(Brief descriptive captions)
^^^^

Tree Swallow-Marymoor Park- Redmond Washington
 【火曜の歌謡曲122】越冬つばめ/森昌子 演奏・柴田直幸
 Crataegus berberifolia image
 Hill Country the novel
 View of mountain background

^^^^

Exactly as they stand above, repeat all the records.

Tree Swallow-Marymoor Park- Redmond Washington
 【火曜の歌謡曲122】越冬つばめ/森昌子 演奏・柴田直幸
 Crataegus berberifolia image
 Hill Country the novel
 View of mountain background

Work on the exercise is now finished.